更令人叹服的是他的“治世细节”。主持进士覆试时,卢质以“后从谏则圣”为赋题,要求以“尧、舜、禹、汤倾心求过”为韵,打破“四平四侧”的旧例设五平三侧,意在警示新朝君臣“纳谏为先”。虽被保守派非议“不合古法”,却让李存勖看到了他的治国深意 。此时人们才明白,卢质拒做宰相,不是无能,而是清醒——他深知乱世宰相看似风光,实则是帝王与藩镇之间的“夹心饼”,不如守着实权职位做些实事。

三、狂士与智者:敢骂皇子的生存艺术

若说拒相体现了卢质的“智”,那他“骂皇子如猪狗”的事迹,则暴露了其“狂”的一面。这位看似温润的文人,骨子里藏着魏晋名士的疏狂,尤其在酒酣之际,更是口无遮拦。
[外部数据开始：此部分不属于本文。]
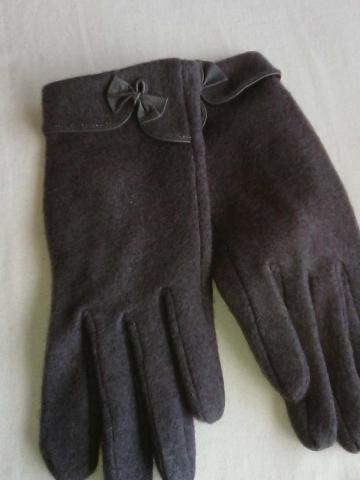 Jolie paire de gants neuve.
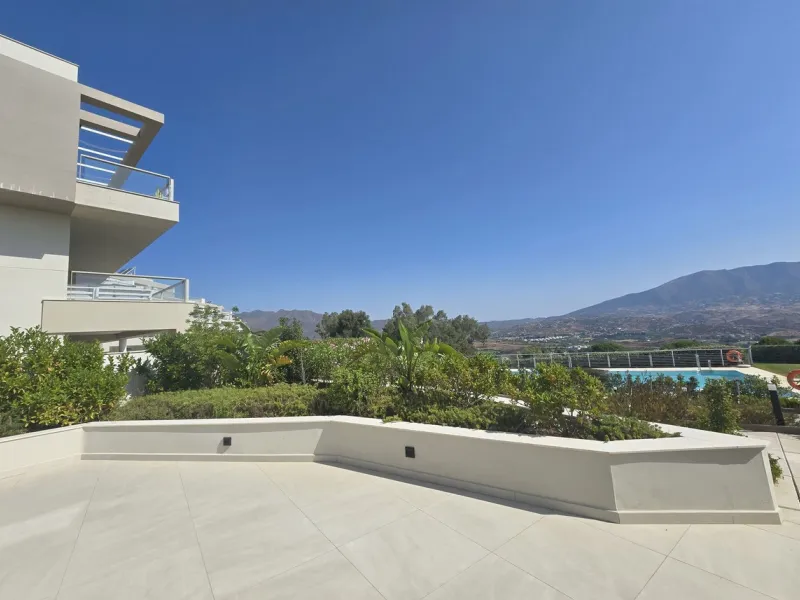Stylish 3-Bed Corner Apartment with Panoramic Views in La Cala Golf
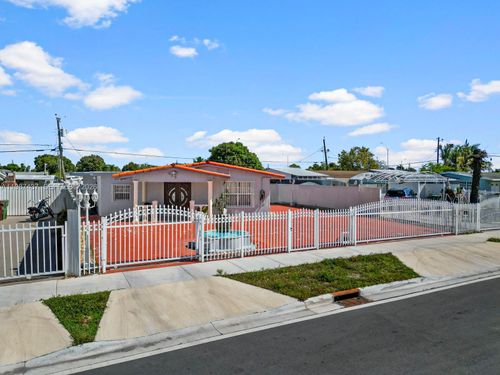 871 Se 5th Pl, Hialeah, FL, 33010 | Card Image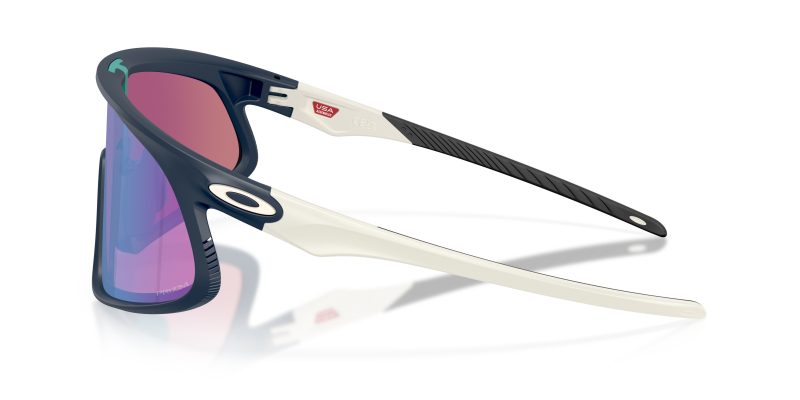 แว่นกันแดด Oakley OO9484D 948409 มุมข้าง หน้ากรอบสีทะเลลึกด้าน ขาแว่นสีละอองด้าน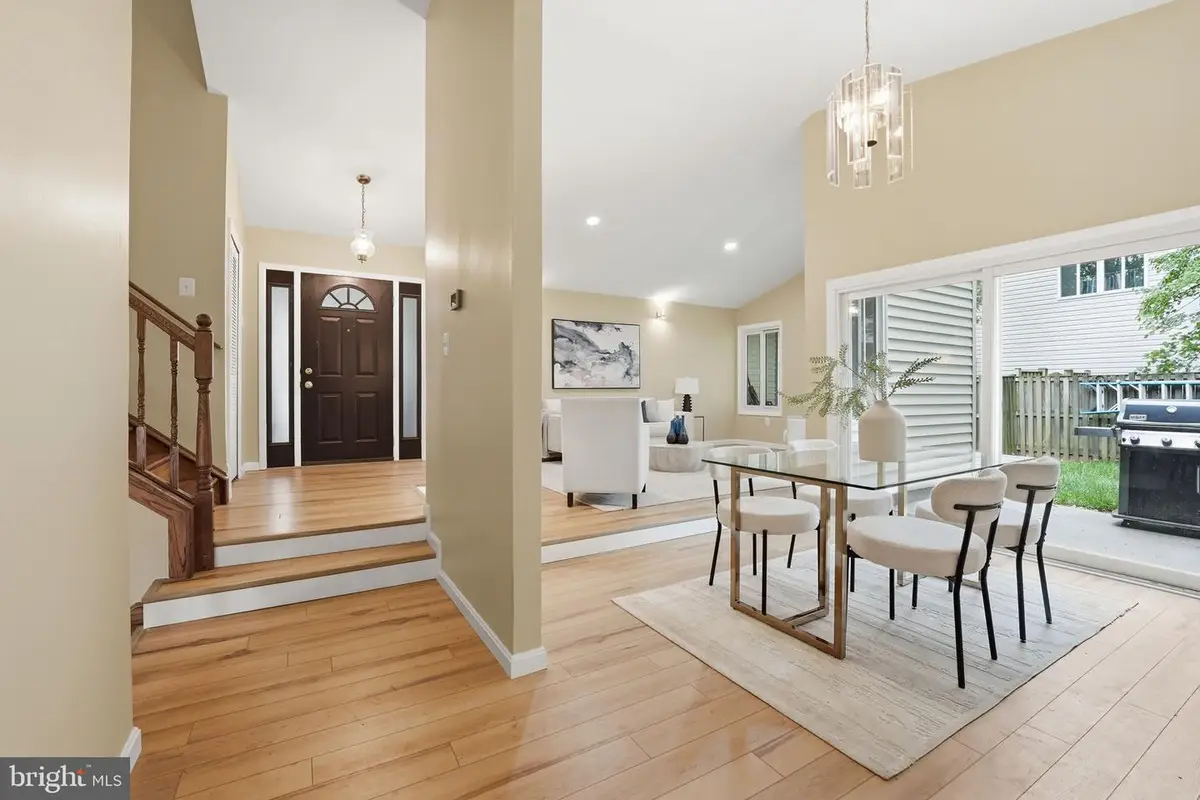 314 Sugarland Run Dr, Sterling, VA 20164 - #1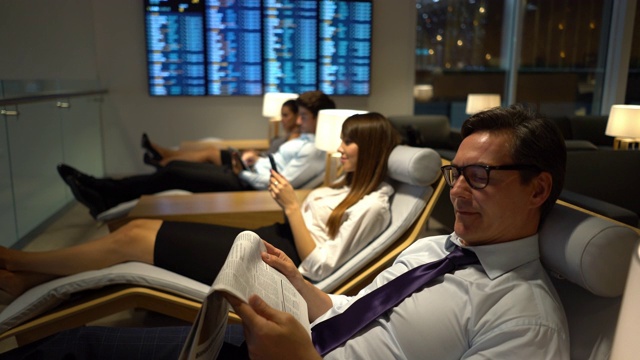 商务人士在机场贵宾休息室休息视频下载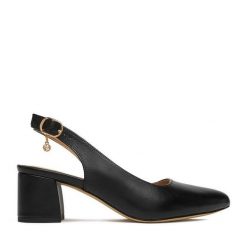 Czółenka Lasocki. Czarne czółenka damskie Lasocki, bez wzorów, bez obcasa. Za 199.99 zł.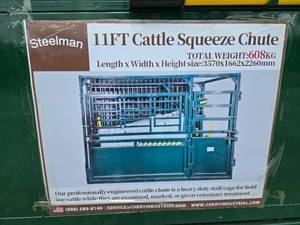 lot 2 image: Steelman Cattle Squeeze Chute 11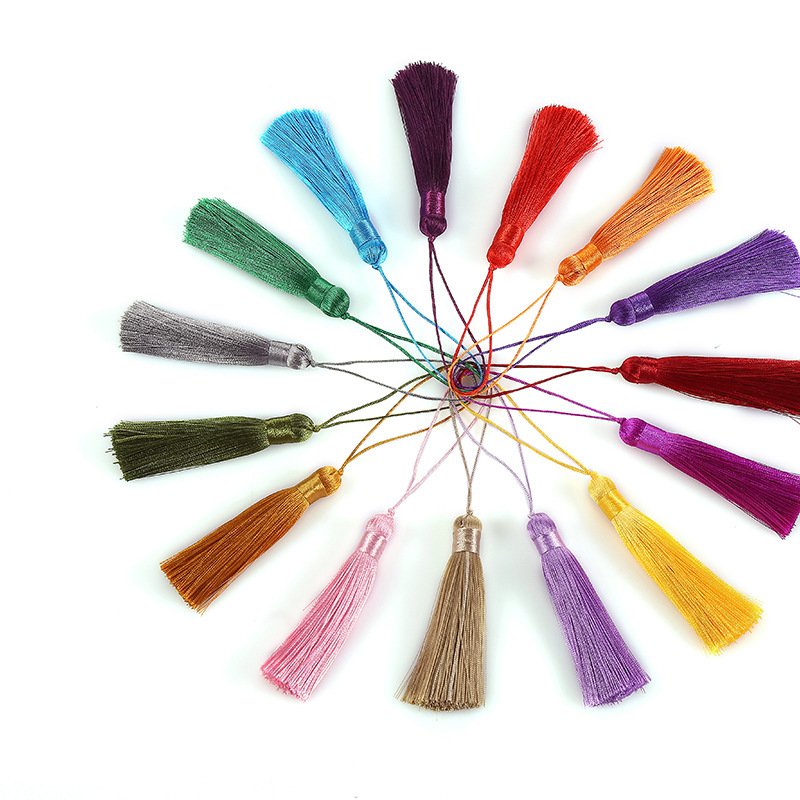 8cm small tassel tassel fan bookmark tassel pendant small fat spike Chinese clothing hair accessories bag accessories hanging spike wholesale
一次王府夜宴,李存勖的弟弟们轮番向卢质敬酒,他喝到兴起,竟拍着桌子骂道:“尔等豚犬,亦敢与我论礼?”“豚犬”即猪狗,在古代是对人最恶毒的辱骂。皇子们当场脸色铁青,李存勖虽未发作,却也“深衔之”,私下对张承业说:“卢质太无礼,朕忍无可忍。”

眼看卢质要惹来杀身之祸,张承业急忙劝谏:“大王正招贤纳士以成霸业,卢质虽狂,却有经天纬地之才。若杀之,天下贤士谁还敢来?”李存勖这才压下怒火。事后有人劝卢质谢罪,他却笑道:“我骂的是纨绔之气,若皇子能醒悟,骂亦有功;若不能,谢罪何用?”有趣的是,后来那些被骂的皇子,竟有几人主动向卢质请教学问,这段“狂士骂皇子”的轶事,反倒成了后唐政坛的一段奇谈。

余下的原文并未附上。